Many studies have been conducted on what the “ideal” formula is for estimating maximum heart rate and target heart rate. There’s a variety of equations that can be used, but to cover the widest range of individuals the target heart rate equation is a good option. In order to use it, though, you need to be able to calculate your maximum heart rate. The easiest way to estimate maximum heart rate subtract your age from 220. For example, a 25 year old individual has an estimated maximum heart rate of 195 beats per minute (bpm) (220 – 25 years = 195 beats per minute). His or her 50 – 85% target heart rate range would be between 98 bpm and 166 bpm:

THR = (195 x 0.50) = 98 bpm

THR = (195 x 0.85) = 166 bpm

Your target heart rate range will leave a lot of room to train within, so you might want to narrow it down based on your training goals. If you are just starting a program, we recommend exercising at a target heart rate range of 50% to 60% intensity. Going back to our 25 year old individual, this would mean his or her range would be between 98 bpm and 117 bpm. The reason why we recommend starting at the lower end of the range for new programs is that your heart is a muscle like any other. If you train too hard, too soon, you can overwork the heart and cause serious harm.

Target Heart Rate Total Therapy Physiotherapy Vancouver Burnaby

Figure is for reference only

Myth Debunked

We’d like to take the time now to make a little side note. One great myth in the fitness industry is the concept of a “fat-burning” target heart rate. The general concept is that at a lower heart rate, your body burns more calories from fat than carbohydrates or other sources. The idea is that if you’re looking to lose weight, you should train at a lower heart rate. This is totally misleading. It’s true that you burn a proportionately higher number of calories from fat than from carbs when training at a lower heart rate, BUT you burn more calories overall training at a higher heart rate. What this means is that although the percentage of calories burned from fat is smaller at higher heart rates, the total number of calories burned from fat is larger. ( Long story short – the “fat-burning” zone makes a nice-looking diagram on your cardio machine, but it’s an urban myth.

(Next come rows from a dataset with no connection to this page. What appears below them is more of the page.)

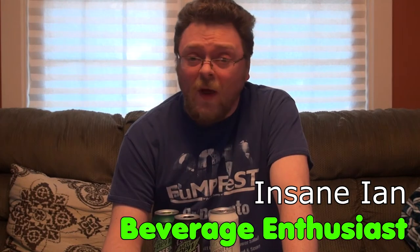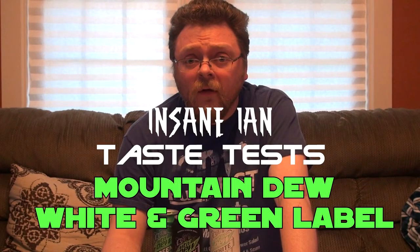Greetings Internet! My name is Insane Ian and welcome to whatever the hell I'm gonna end up calling this thing. Usually I do comedy music videos which are loved by dozens, and now I'm trying this thing. This is me trying different sodas just this once because there are different sodas out there that I haven't tried.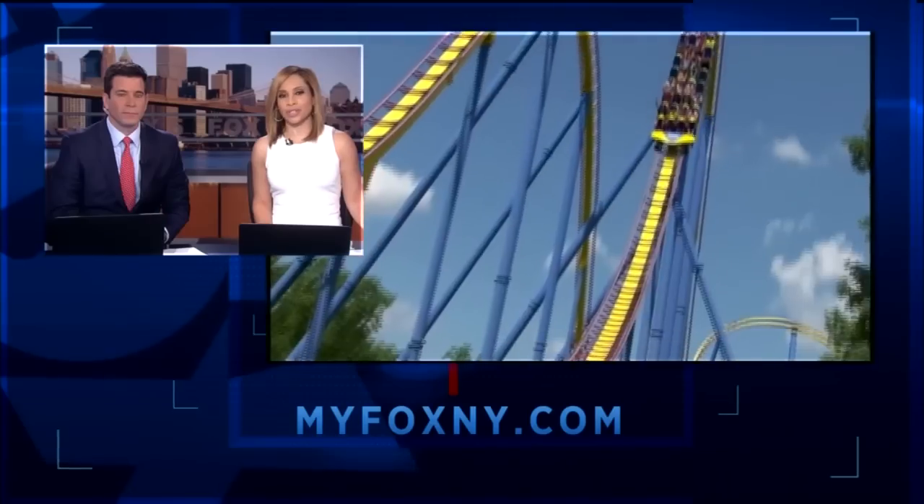Buckle up, we're taking you on a roller coaster ride in this month's Big Idea. Arthur Chien goes behind the scenes to show us the cutting-edge technology that creates the thrills at Six Flags.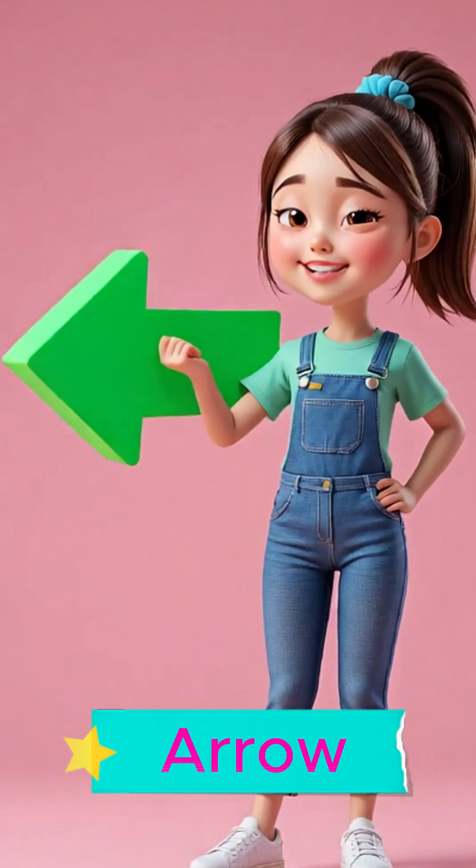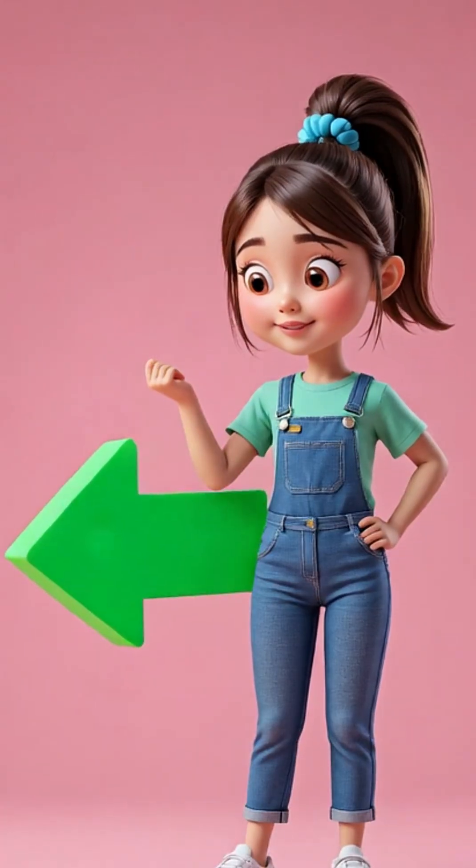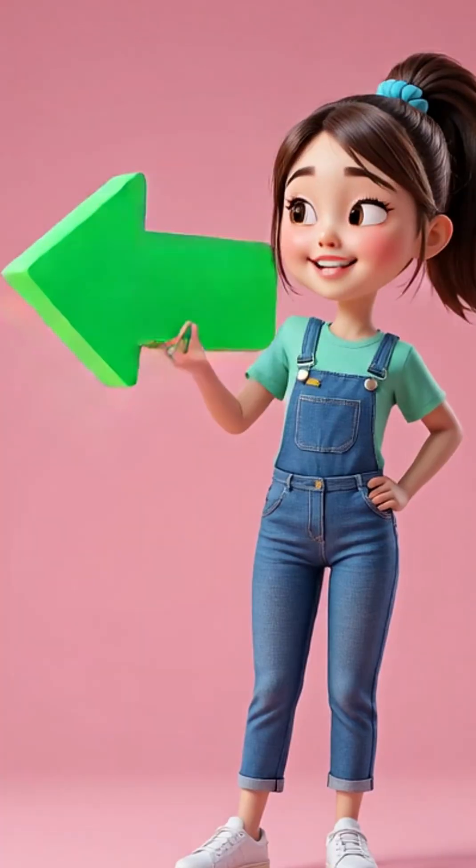This is an arrow. Say it with me. Arrow.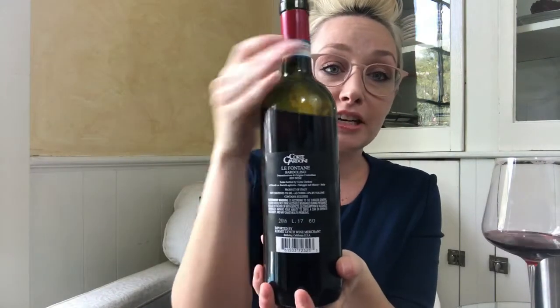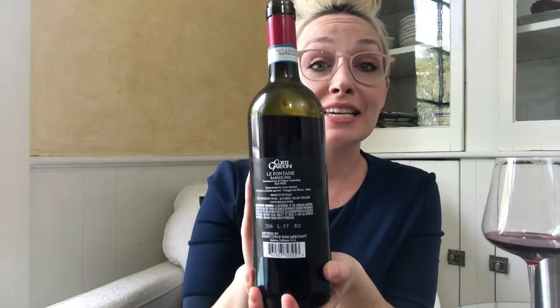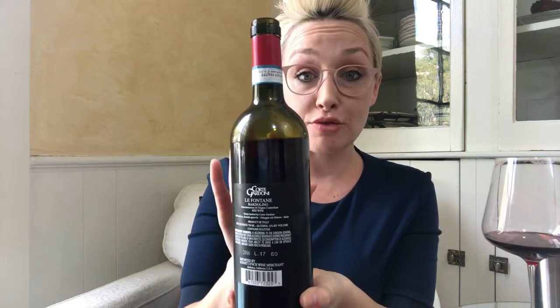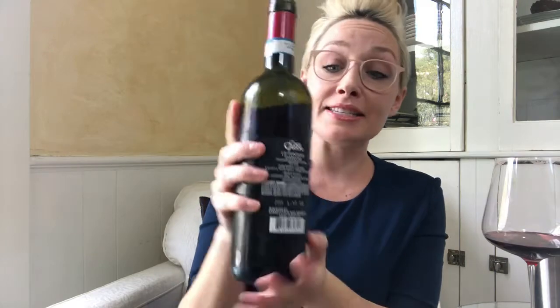Breaking down this little label for you: on the front you've got Corta Gardoni, which is the producer of this wine. La Fontaine is the cuvée of this wine. And on the back you will see it says Bardolino — that's the DOC, the specific region within Italy, within the Veneto region, that this wine is coming from.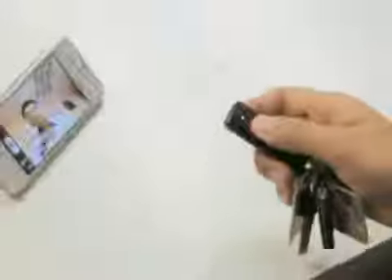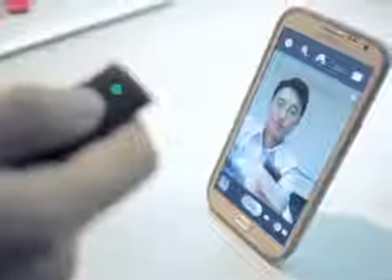Shutter is a remote shutter release for your smartphone. Its patent technology supports iPhone, iPad, iPod Touch, Samsung Galaxy S3, Note 2, etc.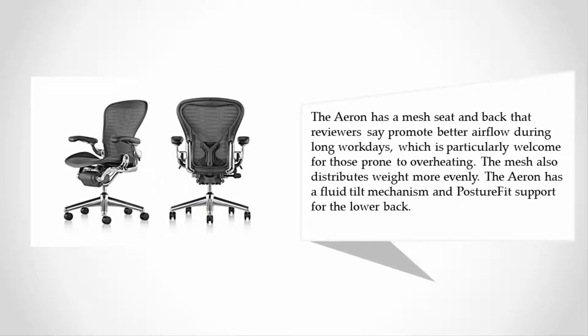The Aeron has a mesh seat and back that reviewers say promote better airflow during long work days, which is particularly welcome for those prone to overheating. The mesh also distributes weight more evenly. The Aeron has a fluid tilt mechanism and PostureFit support for the lower back.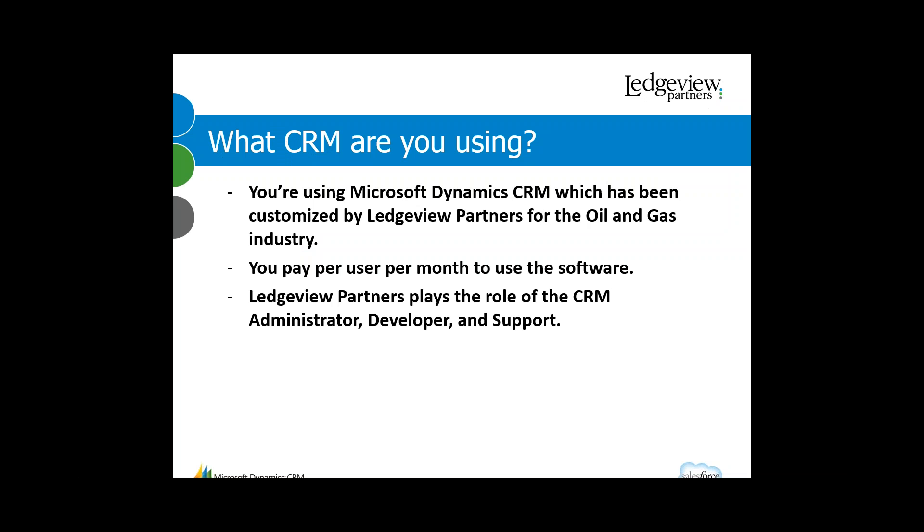So really, what CRM are you using? The CRM you're using was developed by Ledgeview Partners. We started with Microsoft Dynamics CRM and customized it to work specifically for the oil and gas industry. Your company pays per user per month to use the software, and your back office is integrated with the CRM — it looks and feels like your CRM, but it's really just software you pay for per user per month.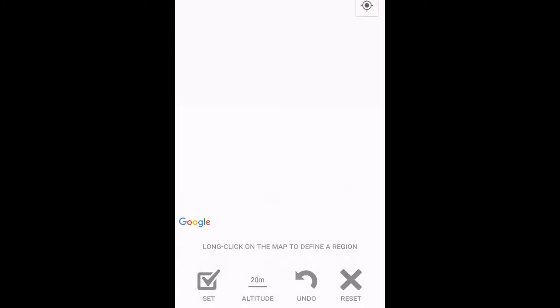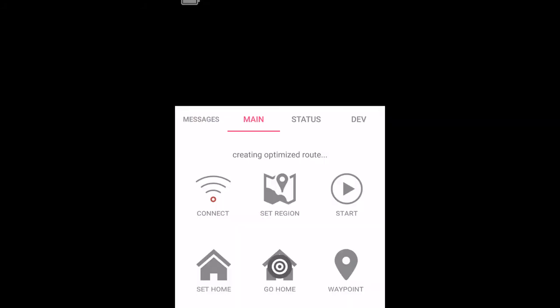With an application, the user defines the cleanup area and the drone surveys it. The litter is identified, and an optimized collection route is followed.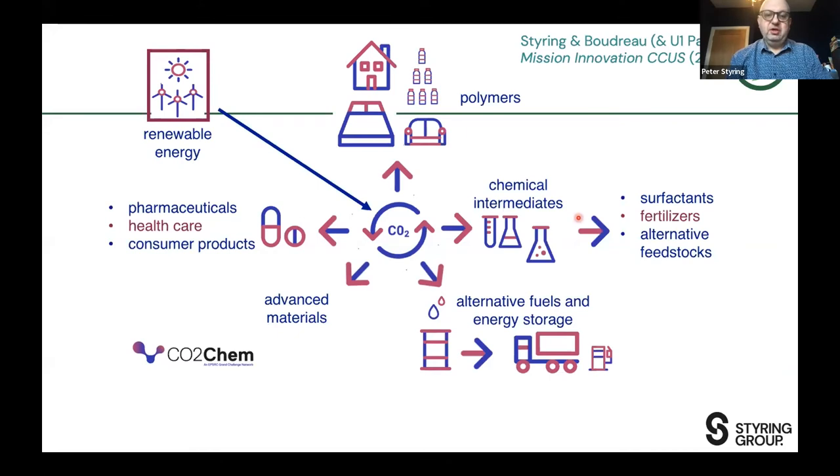We were part of Mission Innovation, the G20 meeting in Houston in 2017. By taking carbon dioxide and combining it with renewable energy — and it has to be renewable energy, not fossil energy — we can make a lot of different products: polymers, chemical intermediates, surfactants, fertilizers, etc. I have a strategic partnership with Unilever where that is now becoming a reality — we're taking carbon emissions from the steel industry in China and converting them into laundry capsules, specifically the surfactant within the Omo laundry capsule for the Chinese market. We can also look at alternative fuels and energy storage, advanced materials such as carbon nanoparticles, and pharmaceuticals and healthcare products.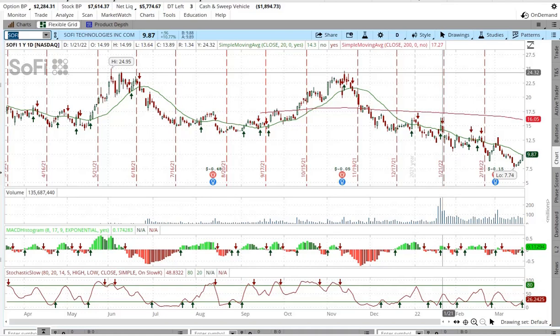Yo guys, what's up? How's it going? So today we're looking at SoFi — what is SoFi stock going to do this week? That's the question.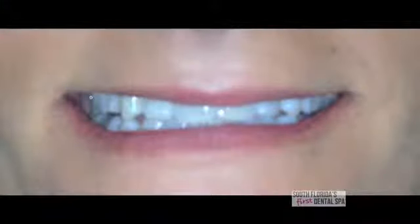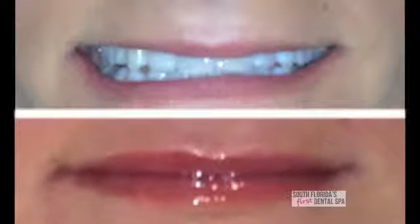Here we have a woman who came in who had really small lips, and she didn't want them to look really big, but she wanted to have just a little bit more lip. So this is her before and this is her after. I made her lips fuller by using Restylane filler for the lips.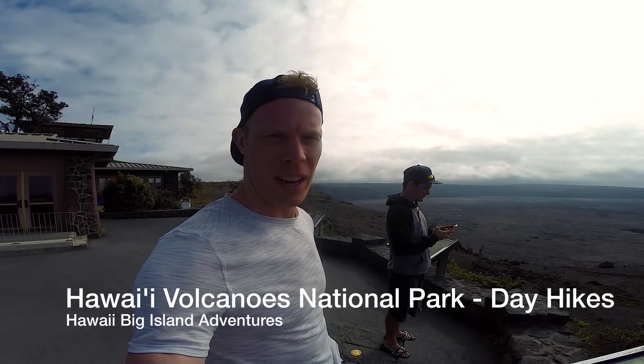We are in Hawaii Volcanoes National Park. We're going to do some hiking here over the next couple of days. We're starting off with some of the day hikes just right around the visitor center.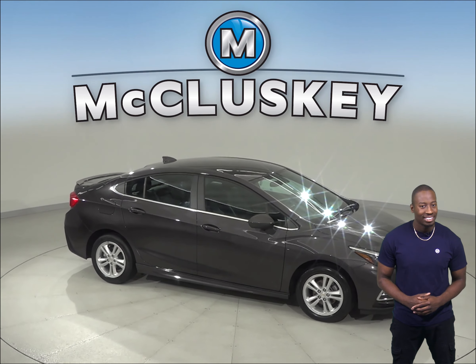Come on down and try this vehicle out today with our free 48-hour test drive.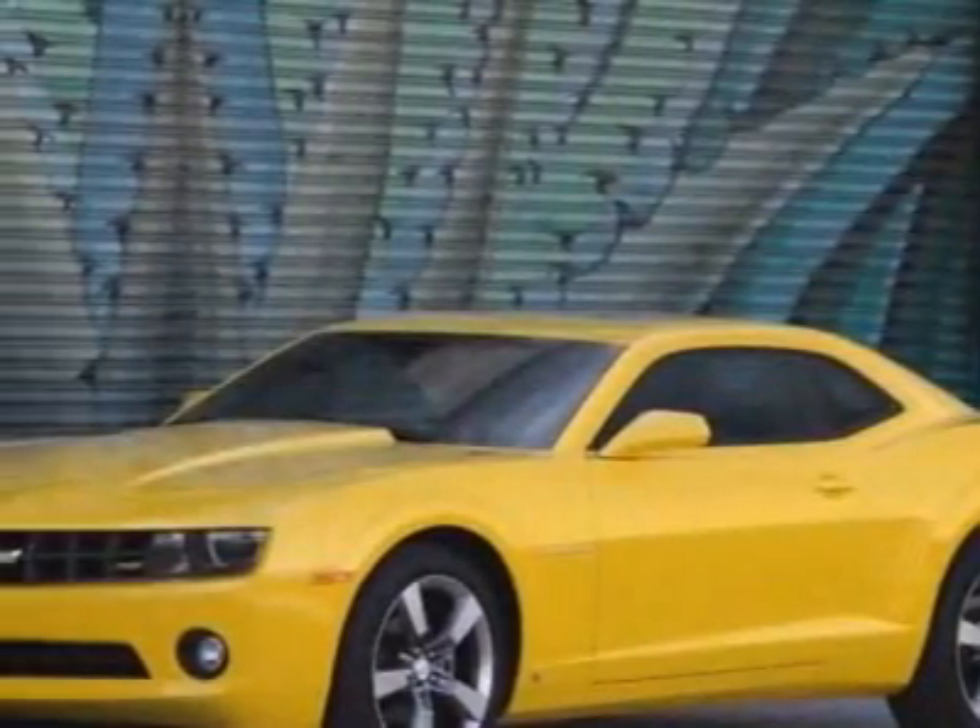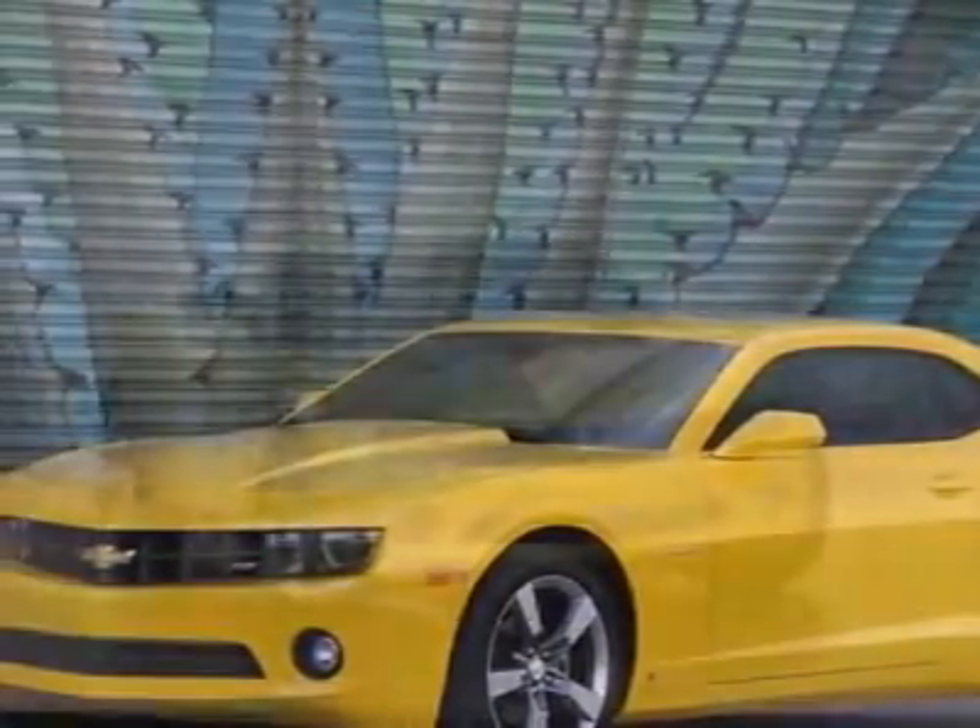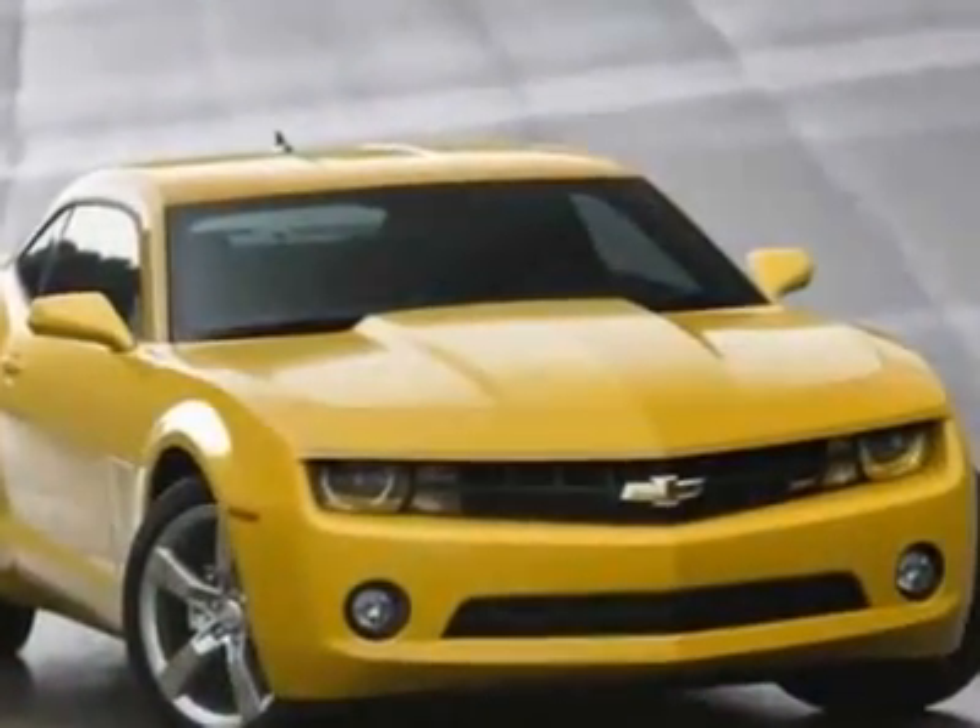Check out this new 2011 Chevrolet Camaro. For your protection, this vehicle has a full factory warranty.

Taking Pulse Total Therapy Physiotherapy Vancouver Burnaby

To cap it all off, here’s a quick review of how to calculate your 50-85% target heart rate range:

Step 1: 220 – (your age in years) = Maximum Heart Rate

Step 2: Maximum Heart Rate x 0.85 =  85% target heart rate

Maximum Heart Rate x 0.50 = 50% target heart rate

Lower intensity: use the 50-60% range (Max. Heart Rate x 0.50; Max. Heart Rate x 0.60)

As with all of our exercise recommendations, consult with your health care professional before starting something new. If you’re not sure where to start, your family doctor, physiotherapist, or kinesiologist can help point you in the right direction. Train smart and train safe!